Each student has a space for in-class assignments with an adjacent computer design studio, a clean room for large-scale mock-ups and a well-equipped model shop and a photography studio. In addition to the full time faculty, practicing professional designers are invited to teach studio courses ensuring that the student receives a practical and current education.
An important semester event is the Open House; professional designers are invited to a portfolio review in a celebration of the student’s semester work. An aggressive summer internship program for the sophomore and junior students is key to their professional success. The senior thesis reinforces this internship experience. With the combination of a professional, robust portfolio and extensive internship experience our graduates are well prepared for an exciting and fulfilling career.
We have a strong Computer Aided Design (CAD) emphasis balanced by traditional skill development. We use powerful programs that include Vellum 3D, form•Z, Photoshop, Illustrator, IronCAD, Alias Studio, Maya, Final Cut Pro, Premiere, Flash, and Solidworks. An example of our cutting-edge use of technology is in the Junior design studio, where students use the computer to directly create prototypes using stereolithography through a local high technology company.
Connecticut has a spectacular history of innovation, invention, engineering, illustration, and design. Connecticut has the highest patents per capita. Many well-established corporations and a rapidly growing array of new high technology companies are in the immediate area. Bridgeport Machines, Dictaphone, Pitney Bowes, Remington, and Sikorsky Aircraft Corporation are next door and the World Headquarters of General Electric is in the nearby town of Fairfield. Evo, Product Ventures, Group Four Design, and 9th Wave are just a sample of the consulting animation, advertising, and interior design design firms a short distance from Bridgeport.
Learning Outcomes and Assessments
SASD promotes student learning and performance through various means designed to maximize students’ skills, knowledge base, and production abilities. Each program (Graphic Design, Industrial Design, and Interior Design) utilizes the following in pursuit of these objectives.
- Demonstrate ability to identify, analyze, and solve design problems.
Assessment: Portfolio projects and project research.
Demonstrate mastery of design tools, techniques, and concepts in design.
Assessment: Projects and portfolios that evidence craftsmanship and adherence to project parameters.
Demonstrate an understanding of the aesthetics of form development, and of the history and current state of design.
Assessment: Projects, papers, and presentations for art and design history courses; in studio courses, projects that appropriately reference historical precedents.
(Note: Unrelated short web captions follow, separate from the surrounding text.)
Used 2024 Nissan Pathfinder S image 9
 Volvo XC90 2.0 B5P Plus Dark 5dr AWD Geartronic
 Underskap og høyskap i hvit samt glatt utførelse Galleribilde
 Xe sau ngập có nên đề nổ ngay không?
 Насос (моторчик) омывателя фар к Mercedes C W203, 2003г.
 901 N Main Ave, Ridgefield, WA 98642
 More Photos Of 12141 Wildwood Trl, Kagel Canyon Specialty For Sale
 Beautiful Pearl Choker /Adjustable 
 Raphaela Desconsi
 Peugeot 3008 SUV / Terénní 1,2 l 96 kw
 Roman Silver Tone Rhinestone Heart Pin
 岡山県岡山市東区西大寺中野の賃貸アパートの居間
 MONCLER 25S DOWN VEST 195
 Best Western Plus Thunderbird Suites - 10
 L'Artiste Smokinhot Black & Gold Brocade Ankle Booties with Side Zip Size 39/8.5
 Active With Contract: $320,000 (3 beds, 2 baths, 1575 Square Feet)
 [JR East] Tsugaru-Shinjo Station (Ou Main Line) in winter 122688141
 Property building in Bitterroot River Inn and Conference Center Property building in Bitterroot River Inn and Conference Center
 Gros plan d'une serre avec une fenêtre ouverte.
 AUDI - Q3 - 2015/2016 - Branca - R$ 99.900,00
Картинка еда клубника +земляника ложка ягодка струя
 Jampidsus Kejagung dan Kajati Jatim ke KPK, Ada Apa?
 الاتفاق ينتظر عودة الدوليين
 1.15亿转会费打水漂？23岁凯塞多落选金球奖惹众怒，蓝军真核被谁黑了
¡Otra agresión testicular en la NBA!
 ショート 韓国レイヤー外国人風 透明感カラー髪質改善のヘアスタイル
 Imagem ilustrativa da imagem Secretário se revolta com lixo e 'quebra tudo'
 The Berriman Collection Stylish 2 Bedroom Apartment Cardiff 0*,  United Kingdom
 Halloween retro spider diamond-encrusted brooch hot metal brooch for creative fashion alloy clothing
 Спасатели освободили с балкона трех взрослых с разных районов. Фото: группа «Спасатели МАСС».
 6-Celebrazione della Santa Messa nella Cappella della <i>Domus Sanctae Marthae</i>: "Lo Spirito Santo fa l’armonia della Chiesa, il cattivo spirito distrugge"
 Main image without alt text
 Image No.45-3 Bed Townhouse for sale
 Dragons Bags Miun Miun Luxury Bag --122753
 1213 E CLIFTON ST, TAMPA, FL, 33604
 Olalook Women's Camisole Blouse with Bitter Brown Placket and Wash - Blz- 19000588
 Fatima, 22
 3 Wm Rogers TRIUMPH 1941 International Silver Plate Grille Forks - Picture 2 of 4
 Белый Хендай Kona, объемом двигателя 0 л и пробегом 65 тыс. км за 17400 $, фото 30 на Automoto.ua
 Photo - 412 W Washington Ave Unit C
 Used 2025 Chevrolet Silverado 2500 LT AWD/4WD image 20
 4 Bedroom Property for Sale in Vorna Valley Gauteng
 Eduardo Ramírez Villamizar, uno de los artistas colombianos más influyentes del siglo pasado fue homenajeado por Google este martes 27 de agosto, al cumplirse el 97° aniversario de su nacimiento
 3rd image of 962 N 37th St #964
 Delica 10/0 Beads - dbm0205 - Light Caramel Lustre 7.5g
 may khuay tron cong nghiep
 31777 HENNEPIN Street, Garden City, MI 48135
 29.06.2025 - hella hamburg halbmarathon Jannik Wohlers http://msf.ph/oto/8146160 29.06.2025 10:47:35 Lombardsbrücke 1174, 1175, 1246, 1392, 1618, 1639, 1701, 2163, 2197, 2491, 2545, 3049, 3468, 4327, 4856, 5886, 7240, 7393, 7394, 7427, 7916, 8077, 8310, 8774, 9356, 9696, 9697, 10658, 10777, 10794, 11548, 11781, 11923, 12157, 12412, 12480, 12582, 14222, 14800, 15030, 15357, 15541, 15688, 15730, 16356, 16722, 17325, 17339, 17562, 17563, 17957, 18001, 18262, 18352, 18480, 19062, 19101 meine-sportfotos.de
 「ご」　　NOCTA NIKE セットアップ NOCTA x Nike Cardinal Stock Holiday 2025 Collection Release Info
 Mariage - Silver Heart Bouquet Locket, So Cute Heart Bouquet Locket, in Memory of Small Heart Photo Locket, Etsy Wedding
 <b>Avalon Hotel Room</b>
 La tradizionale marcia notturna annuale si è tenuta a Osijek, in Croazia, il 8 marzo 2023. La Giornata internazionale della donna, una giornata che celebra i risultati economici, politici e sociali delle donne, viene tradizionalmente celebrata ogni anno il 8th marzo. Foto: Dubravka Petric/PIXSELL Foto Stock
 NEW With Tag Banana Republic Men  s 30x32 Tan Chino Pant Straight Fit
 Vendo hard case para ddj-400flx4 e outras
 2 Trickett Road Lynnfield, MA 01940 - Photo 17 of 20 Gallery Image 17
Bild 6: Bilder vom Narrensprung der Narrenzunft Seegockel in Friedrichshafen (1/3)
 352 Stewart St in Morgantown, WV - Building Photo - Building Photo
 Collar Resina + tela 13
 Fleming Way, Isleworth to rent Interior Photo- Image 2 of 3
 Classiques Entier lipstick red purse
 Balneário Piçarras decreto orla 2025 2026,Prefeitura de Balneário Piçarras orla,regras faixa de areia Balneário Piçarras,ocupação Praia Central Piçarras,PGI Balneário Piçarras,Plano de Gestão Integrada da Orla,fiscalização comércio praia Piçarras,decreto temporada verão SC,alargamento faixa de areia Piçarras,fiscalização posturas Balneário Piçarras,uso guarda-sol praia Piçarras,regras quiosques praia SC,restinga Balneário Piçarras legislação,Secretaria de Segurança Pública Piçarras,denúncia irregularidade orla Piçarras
Demonstrate proficiency in selection and use of relevant technologies in design. Abilities to use available technical and industrial processes to produce a design product, and to design and implement such a process.
Assessment: Project and portfolio materials planned to be feasibly reproducible by industrial means rather than by one-off or by hand.
Demonstrate an understanding of the cultural and societal connections linking design trends and processes as well as a knowledge of business practices and of the market place.
Assessment: Projects and portfolio solutions that are culturally- and audience-appropriate for the problem as posed by the business and market briefs for the project.